To Chichester by Choo-choo

RB Kitaj, The Rise of Fascism, 1979-80 (Tate/Artist's Estate)
Last Thursday I went to Chichester on the train, a journey that combined beautiful scenery with various human irritations. Did the conductors (there were two on the same train) have to be quite so aggressive in their ticket-checking? Was the woman sitting behind me trying to get into the Guinness Book of Records for the longest monologue about the minutiae of a person's everyday life? 

The train went via Bath and Bradford-on-Avon to Warminster, Salisbury and Southampton, crossing a region that roughly equates both to old Wessex and to Southern Command during World War II. Just beyond Warminster we passed an army depot with rows of heavily armoured, desert-brown vehicles, the austere hills of Salisbury Plain rising behind. We trundled along the Wylye Valley and through Wilton, where two artistically minded generals, Auchinleck and Alexander, held the post of Commander-in-Chief, Southern Command, one after another.

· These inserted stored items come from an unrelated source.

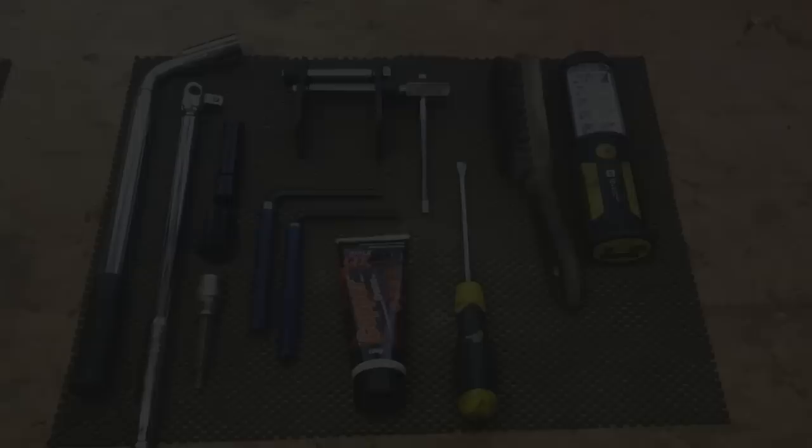It's a fairly simple process, but if you've never done brakes before and you're a little bit unsure, I'd always suggest that you get a professional to do them. First of all let's have a look at the tools that we're going to need.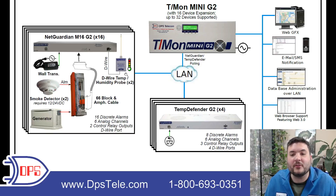Both types of sites — all 20 of them — come back via LAN and are polled by a T-Mon Mini G2. The T-Mon Mini supports 16 devices natively. It's the smallest T-Mon model available, and with an expansion module it can support up to 32. So that one expansion module was necessary here to support all 20 sites, leaving 12 to spare for future expansion without requiring any further upgrading.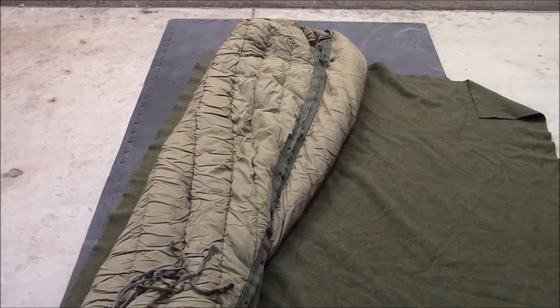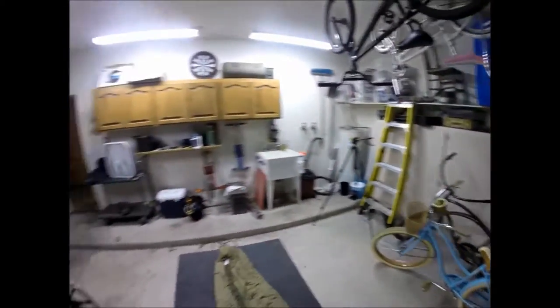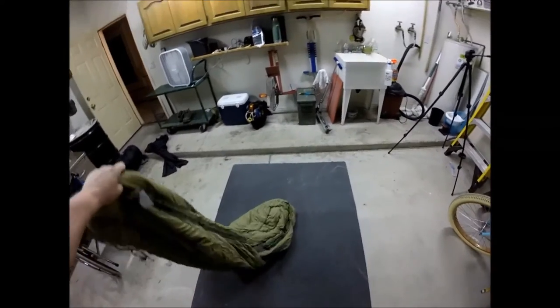There is the second item. That is the USGI M1949 down sleeping bag. There's the tag that you can't really read. What I like to do when I buy something like this is give it a thorough inspection. It's like being born in reverse — I guess I could have opened the zipper, but this is what we're doing. I should really be supervised at all times. There are a couple of loose feathers here and there; this kind of comes with the territory with a down bag. You want to open it up and check for all the feathers and get them out of there.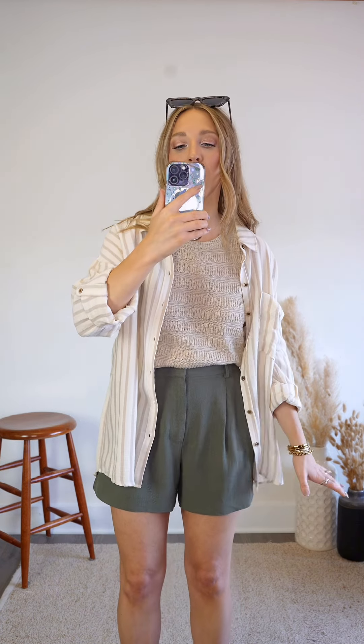I love that they're a little bit longer. They're not hugging my legs at all. Chef's kiss on these shorts.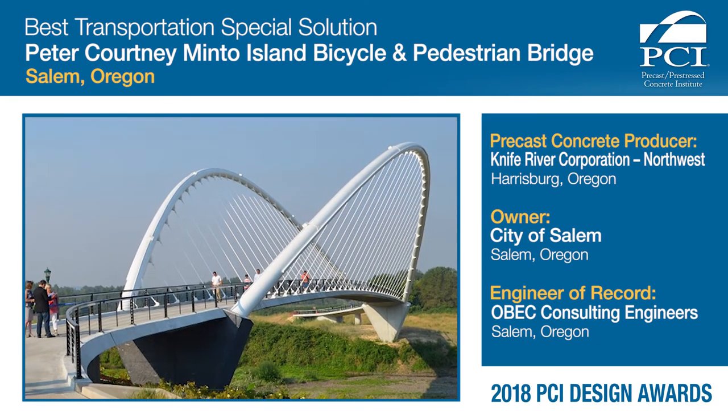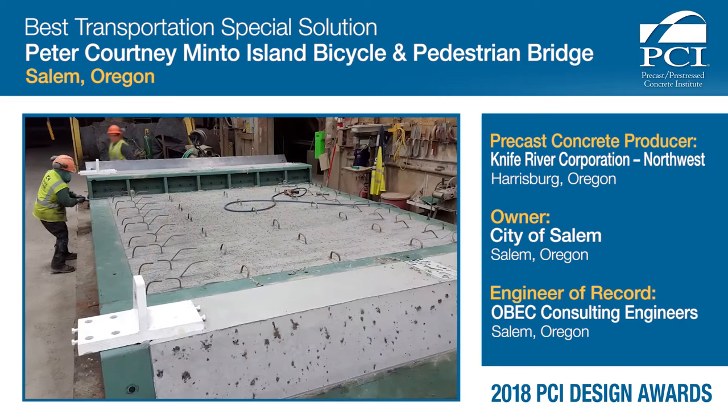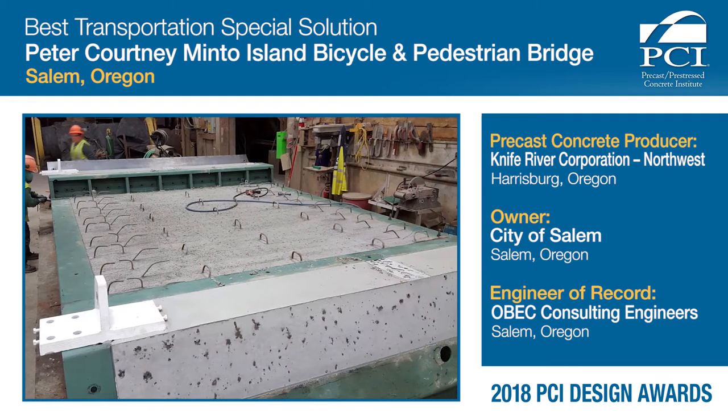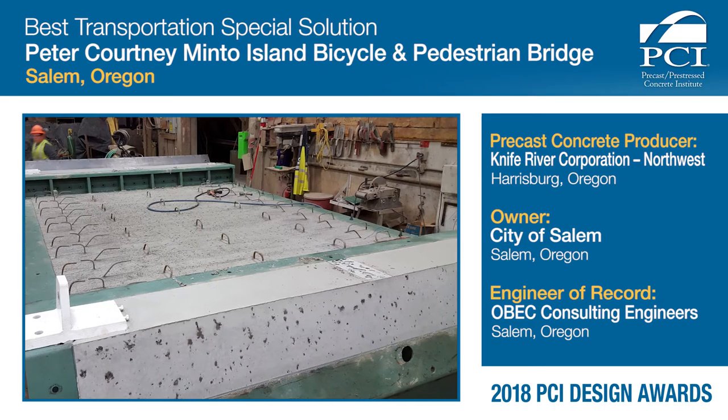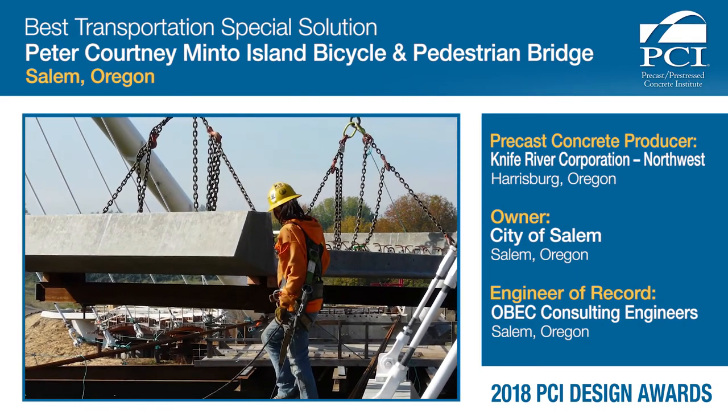It's in a park setting. Also, it has to be a very durable design. The deck is constantly in compression, and being from Wisconsin, keeping salt and stuff out is a big deal, so I understand durability. Again, precast gives us a very durable structure here. It should last well over a hundred years.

Their Camouflage Officer was Edward Seago, painter, inventor of a new concealment material made from horsehair and subsequently a life-long friend of both men.  I wonder whether he was involved with the crazy scheme to camouflage chalk railway cuttings by spraying them with black ink, an experiment Eric Ravilious was invited to record but which was abandoned too soon for him to do so.

Paul Delvaux, A Siren in Full Moonlight, 1940 (Southampton City Art Gallery)
The spire of Salisbury Cathedral reminded me of two other artists, Rex and Laurence Whistler, the former killed in action in Normandy, the latter responsible for his beautiful memorial in etched glass which you can see in the cathedral. When we reached Southampton I braved a gale to visit the City Art Gallery in the fabulous 1930s Civic Centre, and found some lovely things on display. A Delvaux mermaid stole the scene in the main room, while a moody painting of a forest by Elizabeth Magill showed that the Romantic tradition in British landscape painting is alive and well.

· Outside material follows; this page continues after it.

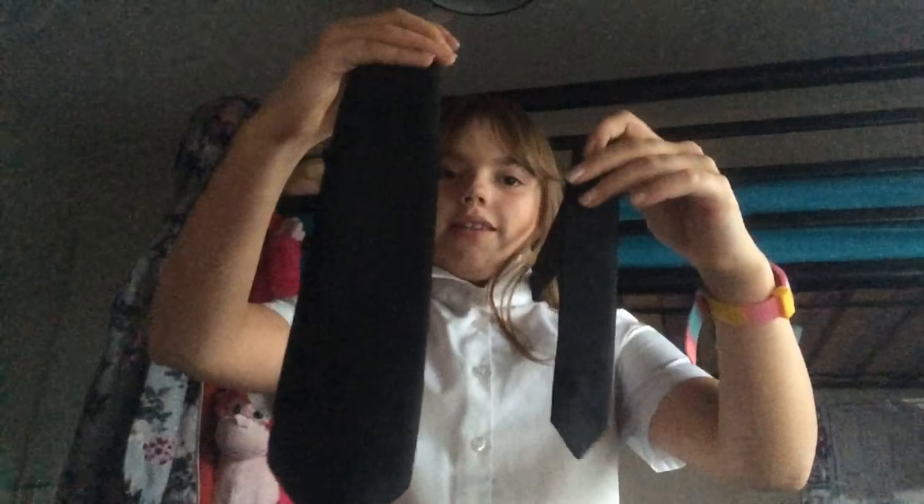I tried guys, that was crazy. So after you've positioned the ends — you haven't tied it yet — you can get the longer piece and you're going to wrap it around. Make sure your collar's up and there's space there. So you're going to wrap it around again, like that.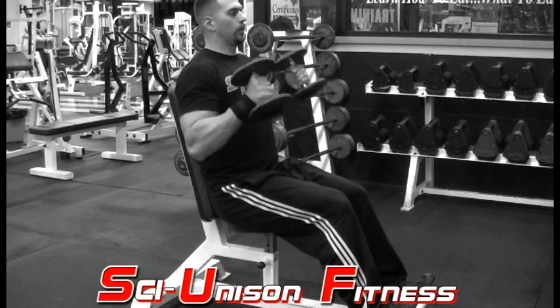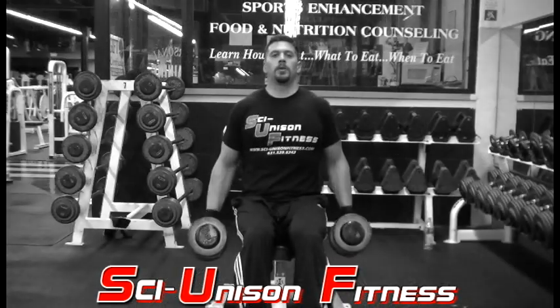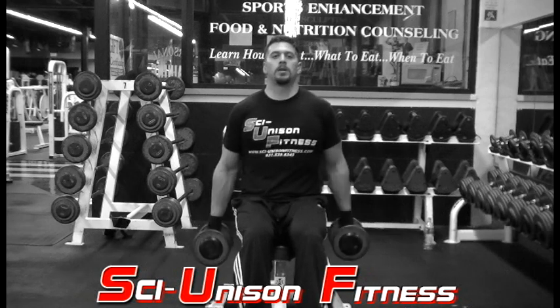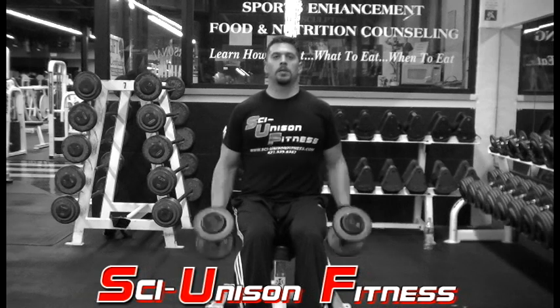As you lower the weight, you want to come just shy of your full extension, and as you curl up, stay in a nice sweet spot. Keep the tension on the biceps, try to limit your shoulder involvement, and try to limit rocking as much as possible.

Chichester Cathedral - peregrine falcons nest in top right turret
I also had a look at Paul Nash's painting 'The Archer', which still seems a bit contrived but has a haunting quality shared by the material on display at my final destination, the Pallant House Gallery in Chichester. While Southampton seems to have been constructed by a giant armed with children's building blocks, central Chichester retains its 18th century or even Medieval scale. When Daniel Defoe visited he noted that the city's population could easily fit into the cathedral, and that may well still be true. 

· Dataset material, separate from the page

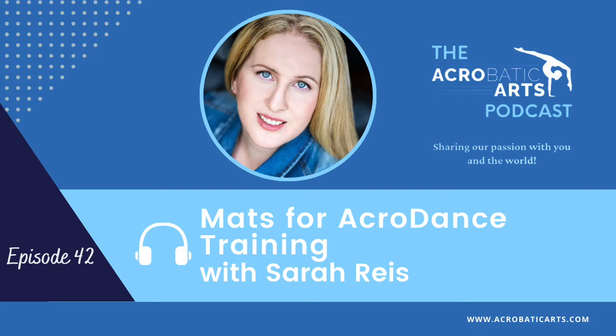Hey everyone, welcome to the Acrobatic Arts Podcast. I'm Loren, and I will be interviewing some of the top leaders and innovators from the dance and acrobatic industry. If you are a teacher, performer, student, or a lifelong learner like myself, you are sure to find these episodes intriguing and full of inspiration. Acrobatic Arts is passionate about providing current and relevant information for everyone, so please sit back and enjoy as we share our passion with you and the world.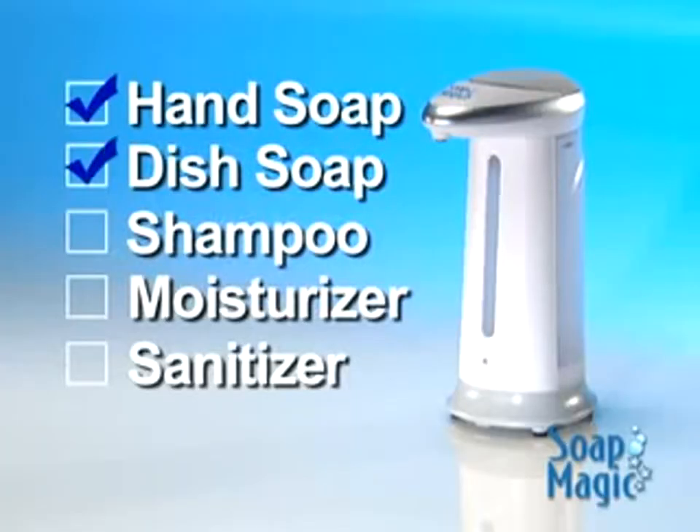Soap Magic works with hand soap, dish soap, shampoos, moisturizers, and even hand sanitizer.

'What will survive of us is love' - The Arundel Tomb
Unusually for a British church, the cathedral doubles as an art gallery, with a painting by Graham Sutherland standing on the altar in one chapel, while elsewhere a stained glass window by Chagall casts a ruby glow on the stone floor and gigantic tapestries dazzle the choir. There are glorious medieval reliefs carved in stone, Philip Larkin's favourite tomb and even a Roman mosaic; few churches can give one such a strong sense of continuous human history - something the vandals of the Reformation didn't think too much about.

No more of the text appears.